Fujitsu touts carbon nanotubes for chip wiring

Fujitsu touts carbon nanotubes for chip wiring

Fujitsu wants to use carbon nanotubes in its future chips, ahead of other chip vendors, and is readying the technology for implementation around 2010.

Fujitsu believes it has the answer to a major technology problem that will confront chip makers in the future -- using carbon nanotubes to replace copper wires in chip circuits.

For chips scheduled to be made around 2010, connecting wires made of copper will become so thin and their volume so small that the electrons will tend to migrate and leak out of the wires, said Yuji Awano, a research fellow at Fujitsu Laboratories' Nanotechnology Research Center, in an interview at the Japan Nano Tech 2005 exhibition held in Tokyo Feb. 23 to Feb. 25.

Because copper transmits electrons relatively inefficiently, the wires heat up and will become unusable as the electrons get pushed out of the tiny copper threads, according to Awano. Such problems will only worsen for the more advanced chips with even smaller circuits planned after 2010, he said.

Carbon nanotubes will become essential to replace copper in chips that are expected to be about a third of the size of those today, according to Awano.

Fujitsu, he said, is the first manufacturer to commit to using carbon nanotubes in place of copper wires in chips.

Carbon nanotubes are made when carbon atoms form hollow, open-ended cylinders. They have diameters between about 0.4 nanometers and 1.8 nanometers and can vary in length up to several hundred nanometers long, depending on how they are made. A nanometer is one-billionth of a meter.

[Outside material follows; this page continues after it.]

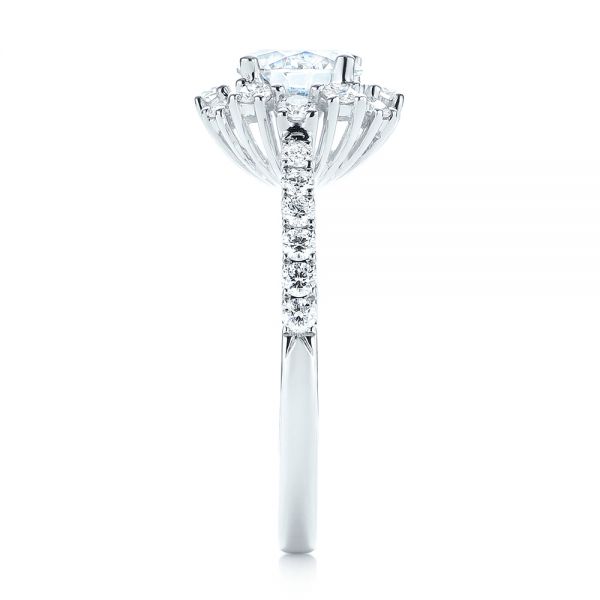 18k White Gold Halo Diamond Engagement Ring - Side View -  103835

"If you make a smaller chip, you need thinner wiring," Awano said. "We have to solve the electron migration issue, and to do this we need thicker wiring -- but we can't make thicker wiring because the chip size will become bigger."

Carbon nanotubes can carry about 1,000 times the current density, or the current per unit area, compared to copper, according to Awano. In addition, they transmit electrons about 10 times faster and dissipate heat much more readily -- characteristics that allow them to replace copper, he said.

Many of today's advanced chips are made on a 90-nanometer process. The measure refers to the average size of features on a chip built using that process.

Around 2010, chips will be made on a 45-nanometer process and around 2013, on a 32-nanometer process, according to the International Technology Roadmap for Semiconductors, a trade group that helps set standards for the chip industry.

Fujitsu will use the carbon nanotubes on some of its 45-nanometer process chips and most or all of its 32-nanometer chips, Awano said.

The manufacturer is already making carbon nanotubes to standard lengths that conduct electricity in the required way. It should be able to mass-produce them and develop the technology to put them in complex chips by the end of the decade, Awano said.

Fujitsu has already made test chips in which it has connected two layers of circuitry with about 1,000 connections using the carbon nanotubes as wires, he said.

"This is real, and it's a real challenge," said Makoto Okada, a manager at the company's public and investor relations division.

In addition to Fujitsu, several major technology companies, including NEC and IBM have announced breakthroughs in chip production processes and in their understanding of how carbon nanotubes work.

IBM, which pioneered the use of copper for connections in chips in the late 1990s, has yet to announce its plans, said Glen Brandow, a company spokesman.

Intel did not respond to questions on the subject.

NEC is also considering carbon nanotubes, but has not yet committed to the technology, said Toshio Baba, senior manager of NEC's Fundamental and Environmental Laboratories.